# Wiring Question



## rrman497 (Aug 8, 2016)

I asked for help a couple of months ago about switching my layout from DC to DCC. I got a lot of good answers and I'm in the process of re-wiring now. I've got a good sized layout so I'm using a 14 gauge bus wire and 20 gauge feeders. I've split my layout into 4 power districts and am using a MRC circuit breaker in each district. My question is: The MRC 5 amp circuit breakers have little tiny wires going in and coming out. Don't these little wires at the control panel defeat the use of the 14 gauge bus wires? I've got 14 gauge wires leading up the the circuit breakers where they drop to the tiny little wires MRC uses through the circuit breaker and then back to the 14 gauge bus wire and out to the layout. I'm not an electronics guru... is this the way it's supposed to be?

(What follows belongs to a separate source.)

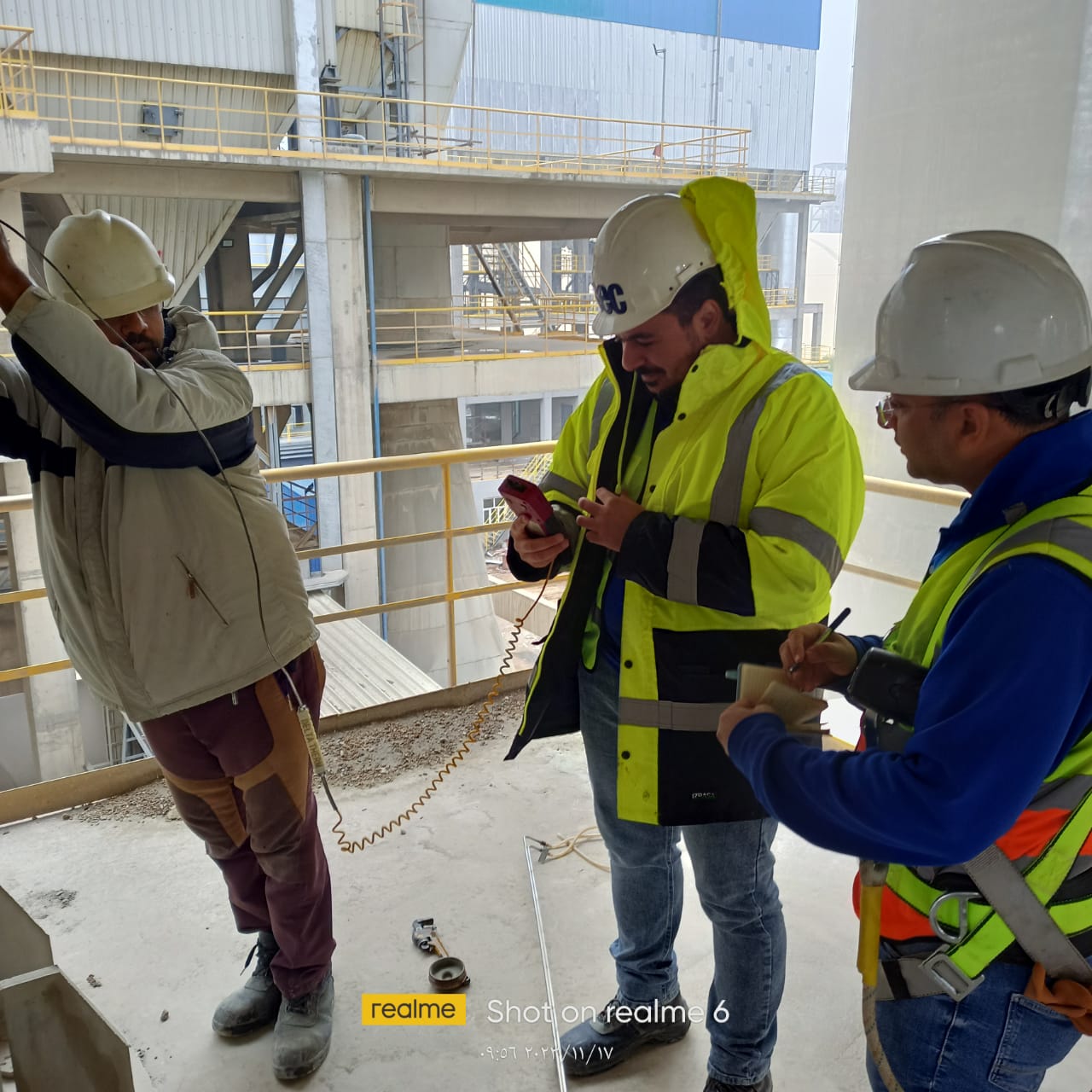 Technical audit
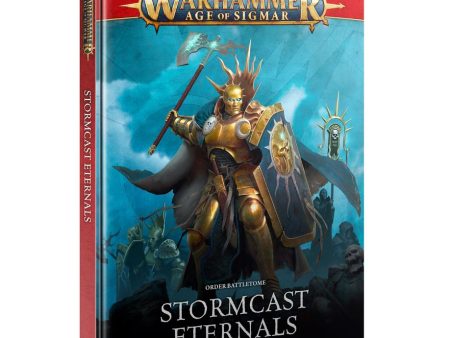 Order Battletome: Stormcast Eternals Online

Thanks for any help you all can provide.


----------



## Mark VerMurlen (Aug 15, 2015)

Generally, smaller wire does have higher resistance than larger wire. But resistance is also dependent on length. So even though you have thin wire going through the breakers, they are only used for short distance. You want the larger wire for running long distance to minimize voltage drop at the far reaches of you railroad.

Mark


----------



## mesenteria (Oct 29, 2015)

Breakers are meant to have the capacity to prevent more serious/costly damage. So, the wires you see are meant to be there, offering more resistance than anything you use on the layout. When those weaker wires go poof, you should drop to one knee in that football player's familiar scene and thank The Big Electrician. :thumbsup:


----------



## CTValleyRR (Jul 26, 2014)

Yep. I think Mark nailed it. Just minimize the length of the smaller gauge wires and you should be fine.


----------